Wo gehobelt wird, da fallen nicht nur Späne – dort können auch Ideen purzeln. Zumindest in der Pastoraltheologie. Und zumindest dann, wenn sie ihren Job gut macht. Daher auch dieser Werkstattkongress. Erwachsen ist er aus der Erschöpfung des AG-Vorstandes nach dem großen Berliner Jubiläumskongress im vergangenen Jahr. Schlank sollte er sein, kein großer Aufwand. Mit viel Partizipation und einer offenen Struktur. Ein interaktiver Werkstatt-Kongress, der spannende Einblicke in pastoraltheologische Forschung ermöglicht. Der aus dem Verkaufsraum des Fachs durch dessen Hintertür in die Werkstatt führt: Behind the scenes.

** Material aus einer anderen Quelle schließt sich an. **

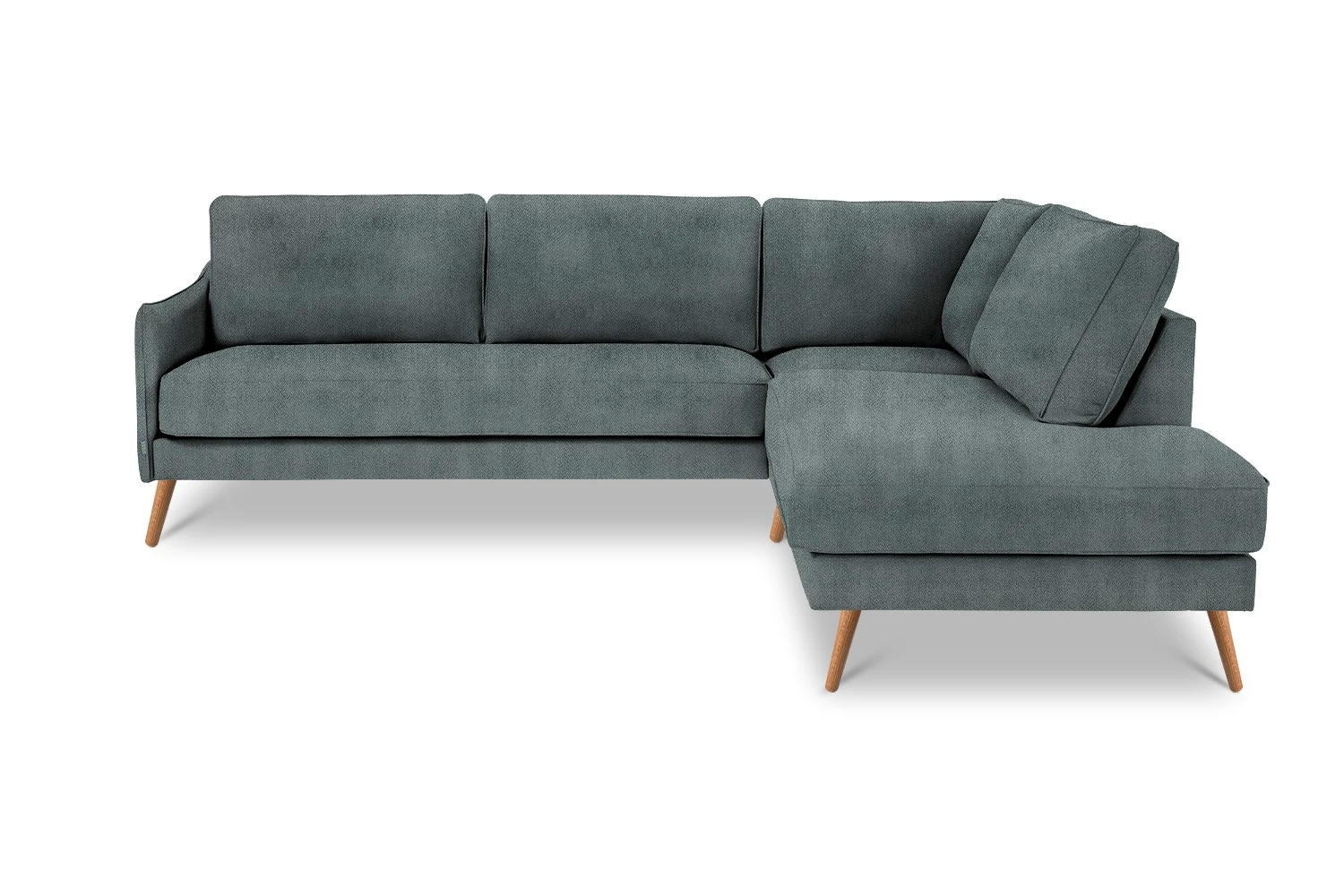 Sofa Zarra 3-vietė, atviru galu 252x218cm - Image 55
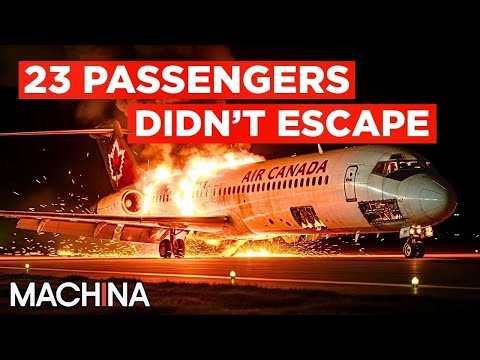 Deadly Cabin Fire Forces Emergency Landing | Mayday Air Disaster | S4 EP3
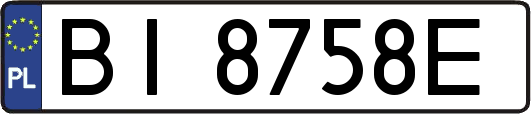 BI8758E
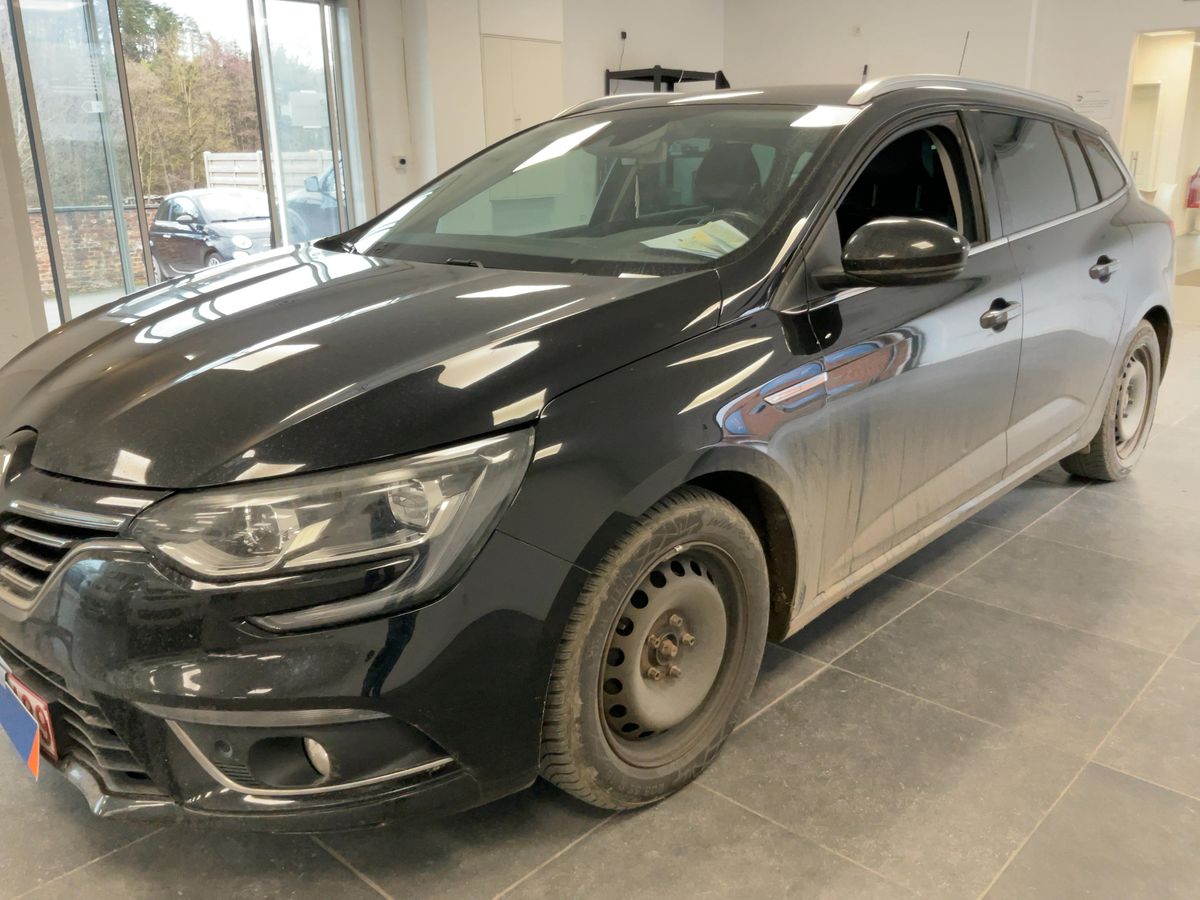 Renault Megane d'occasion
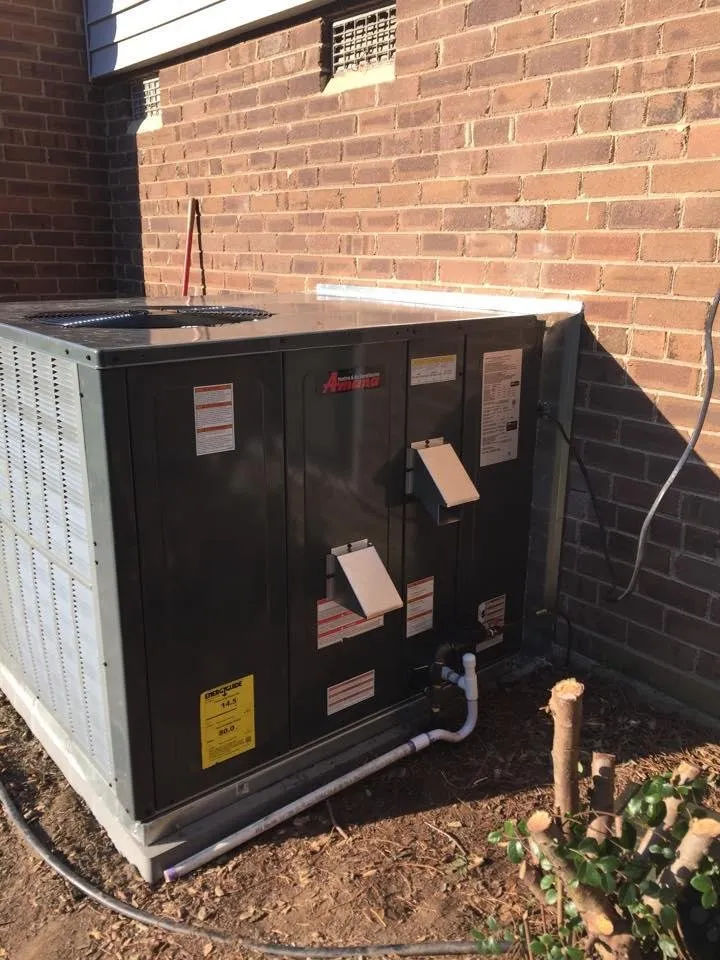 Slide of Air Care Heating and Cooling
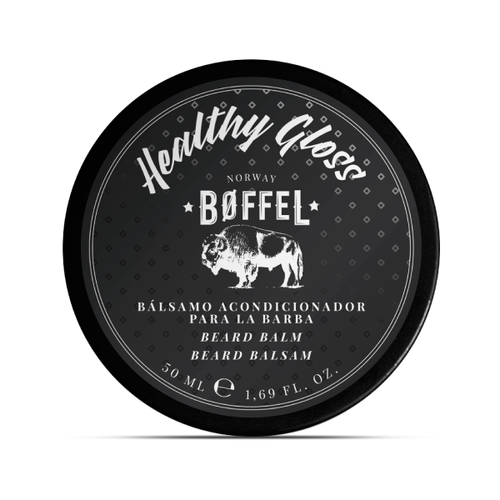 Healthy Gloss Bálsamo Acondicionador Para La Barba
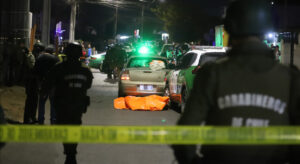 Tenía 19 años: quién era el hombre que murió tras atropellar a un carabinero en San Antonio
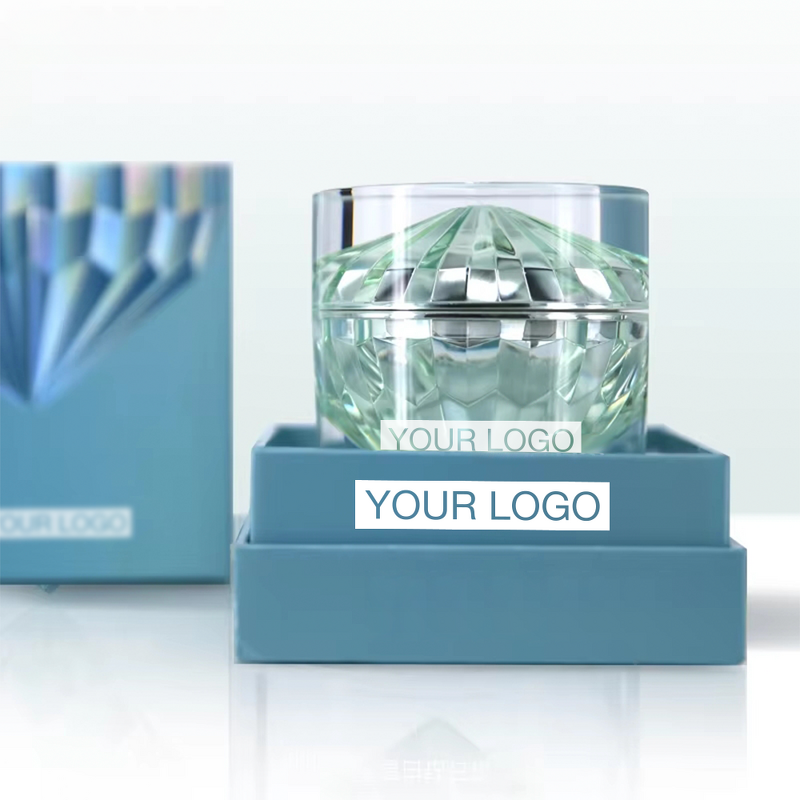 Recombinant Collagen Face Cream Supplier - OEM Wholesale Nourishing Brightening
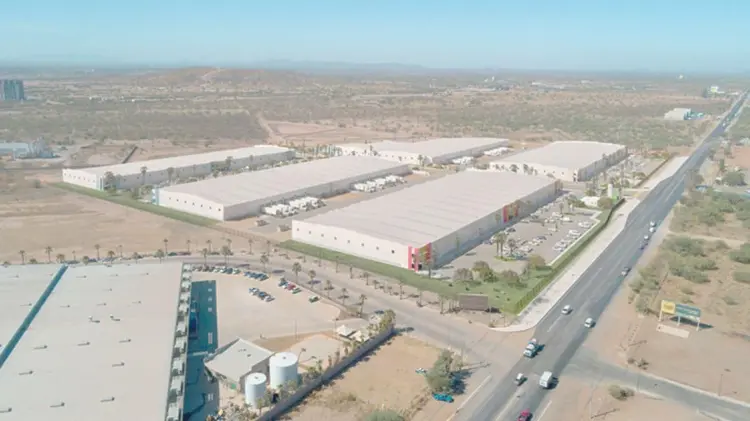 La instalación de empresas en el Parque Industrial garantiza más empleo. (Foto: Especial / EXPRESO)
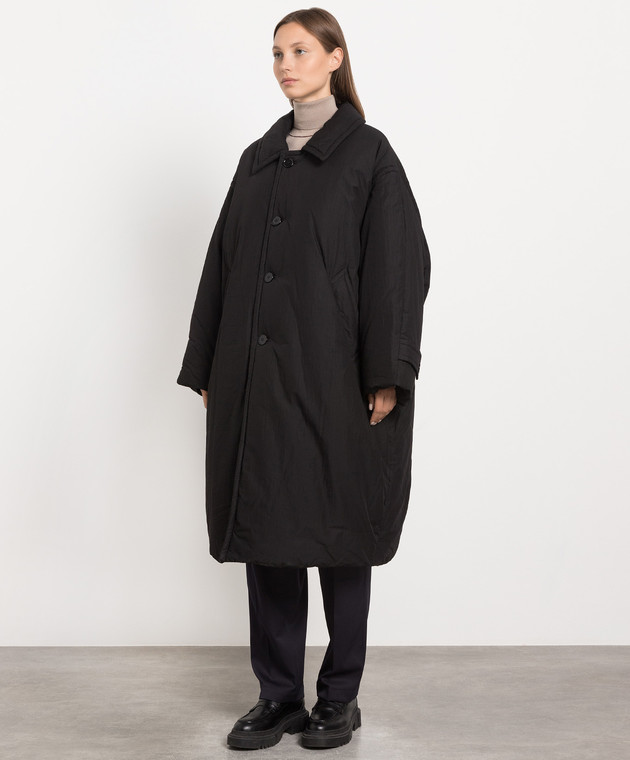 Maison Margiela MM6 - Black jacket S52AA0165S78144 - shop with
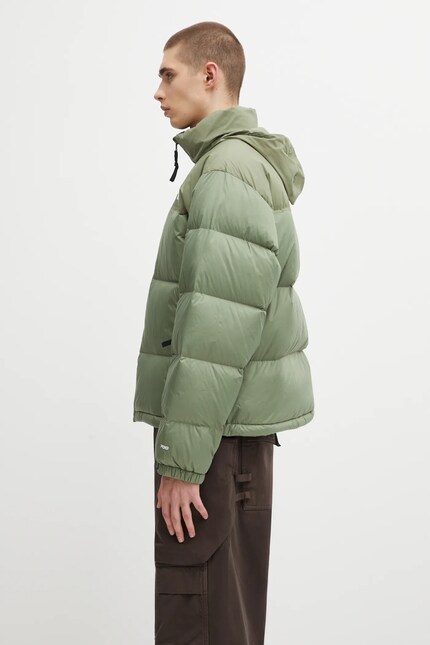 The North Face down jacket 1996 Retro Nuptse green color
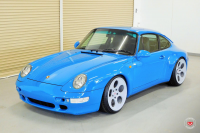 ���� ������� Vossen: Porsche 911 �� ������ Vossen LC-103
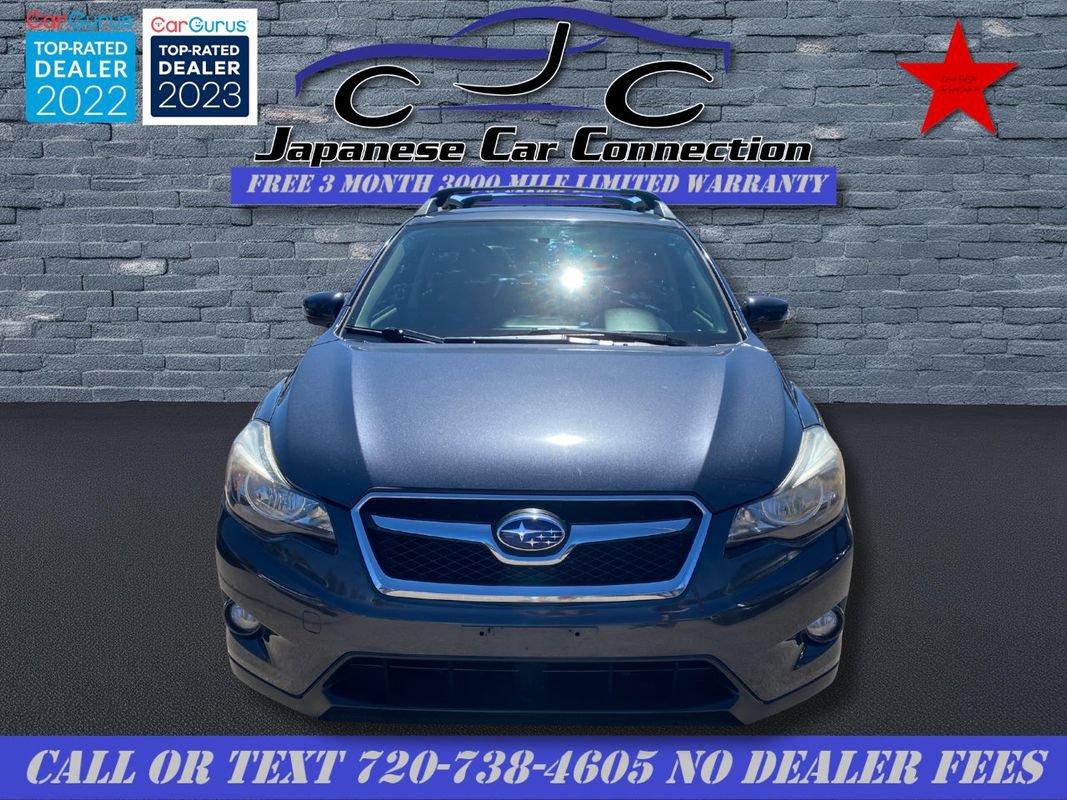 Used 2015 Subaru Crosstrek 2.0i Limited AWD/4WD image 5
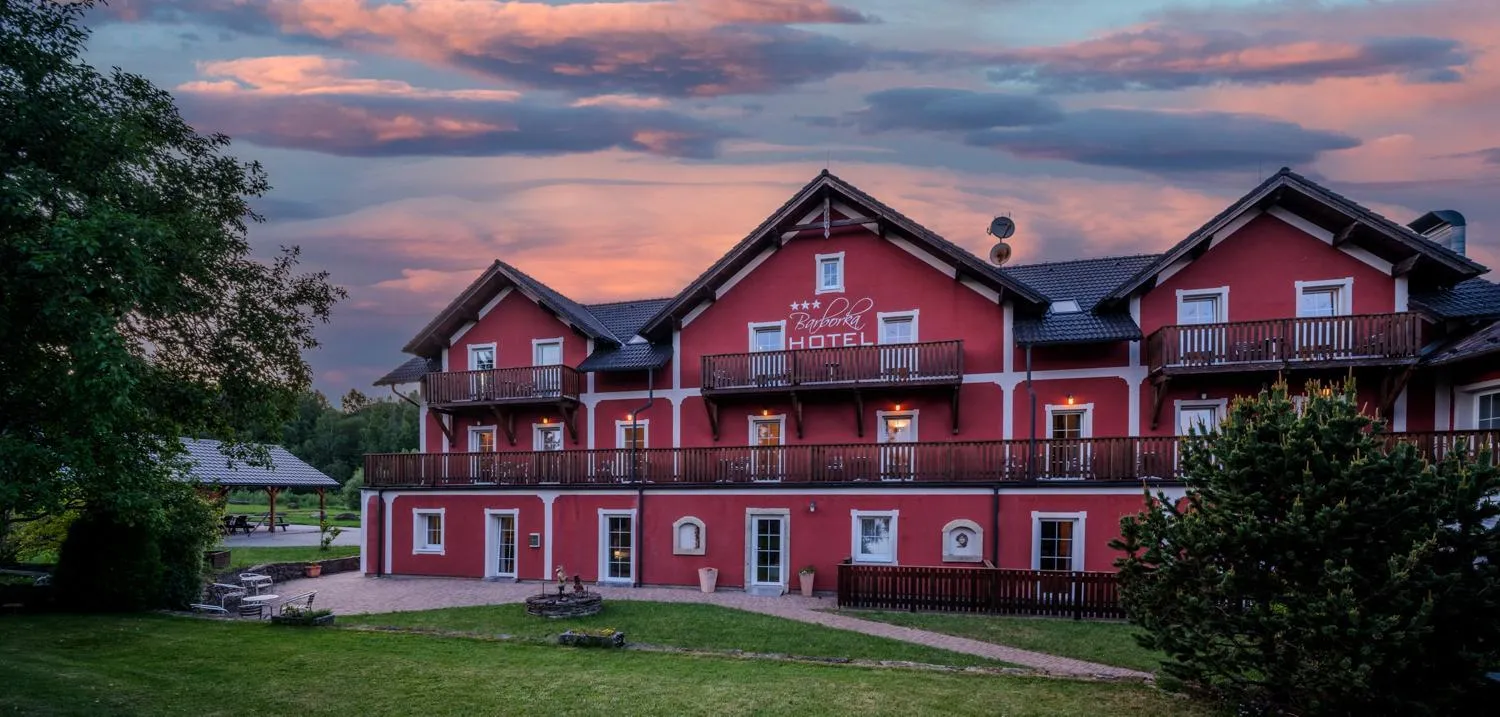 Hotel Barborka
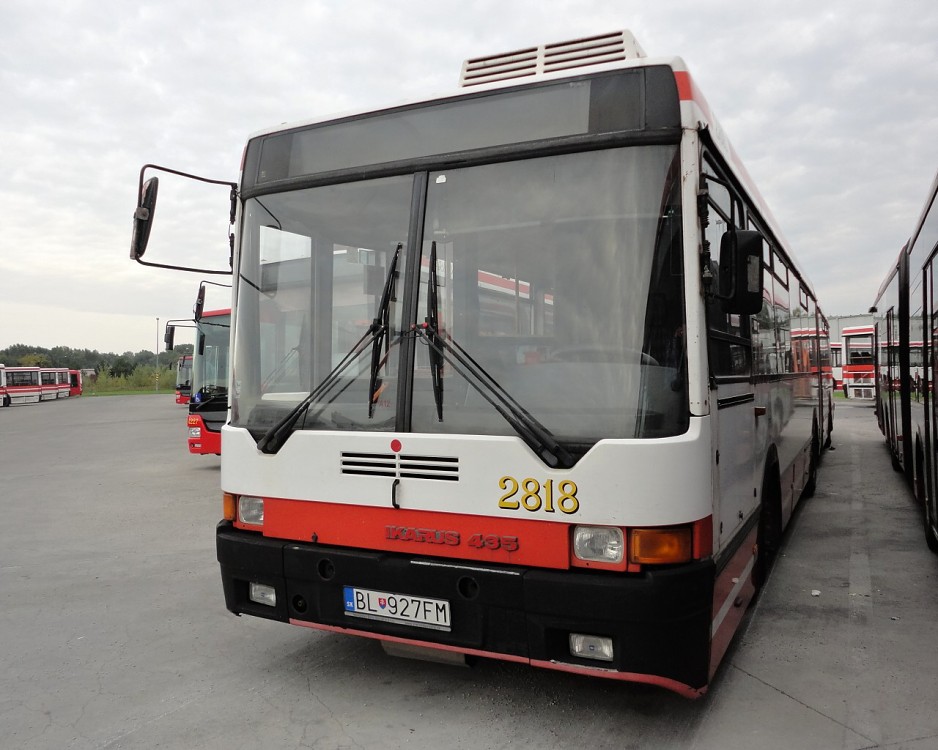 Ikarus 435 #2818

Dort macht er aktuelle Werkstücke der Pastoraltheologie in ihrer handwerklichen Entstehung weiterführend diskutierbar –inklusive eines wechselseitig gleichstufigen Theorie-Praxis- bzw. Praxis-Theorie-Transfers, von der Theologie zur Pastoral und von der Pastoral zur Theologie:

  • Was sind Themen?
  • Wie wird hier gearbeitet?
  • Wer forscht eigentlich woran wozu?

Theologie als Handwerk

Pastoraltheologie ist eine Kunst, d.h. sie ist mehr als nur der korrekte Gebrauch ihrer wissenschaftlichen Werkzeuge. Als solche ist sie in ihrer Theoriearbeit aber immer auch zugleich ein praktisches Handwerk – und das erlernt man eben in der Werkstatt. Dazu braucht es, was Richard Sennett in seiner virtuosen, eng am historischen Material gearbeiteten Kulturgeschichte des Handwerk als handwerklichen Dreischritt beschreibt: das Lokalisieren von Problemen, das Fragen nach deren Ursachen und das Öffnen von Möglichkeiten – wozu für ihn immer auch die „Arbeit mit Widerständen oder der Umgang mit Mehrdeutigkeit“ gehört. Richard Sennett:

„Bei der Fähigkeit des Lokalisierens geht es darum, herauszufinden, wo Wichtiges geschieht [z. B. als Gegebensein von Unebenheiten im Holz]. […] Bei der Fähigkeit des Fragens geht es um die Erforschung des Lokalen. [Dazu braucht es Neugier, d.h.] […] eine Erfahrung, in der Entscheidungen in der Schwebe gehalten werden, damit man die Dinge erkunden kann. […] Die Fähigkeit, ein Problem zu öffnen, beruht auf [in Klammern: abduktiven] Intuitionssprüngen und insbesondere auf dem Vermögen, verschiedenartige Bereiche einander anzunähern […]. Schon der Wechsel zwischen Tätigkeitsbereichen regt dazu an, über ein Problem neu nachzudenken. Das ‚Öffnen‘ ist eng mit der Offenheit in dem Sinn verbunden, dass man bereit ist, Dinge auch anders zu tun und [im Bruch mit eingespurten Alltagsroutinen] von einer Gewohnheit zur anderen zu wechseln.“

Egal, ob wir einen Tisch bauen oder einen Text schreiben – beim Handwerk geht es immer um ein WERK: ein Ergebnis, ein nutzbares Produkt. Doing pastoral theology ist daher nicht nur ein ästhetisch-darstellendes, sondern auch ein poietisch-herstellendes Tun. Es geht um einen schöpferischen Prozess, bei dem am Ende auch wirklich etwas herauskommt. Ein theologisches Werkstück, das die Welt unserer Dinge, Affekte und Ideen bereichert und im besten Fall auch ein Stückchen besser macht. Und das als ein Ergebnis von Wissen, Erfahrung und Kreativität zugleich auch den handwerklich Wirkenden Wirksamkeit ermöglicht.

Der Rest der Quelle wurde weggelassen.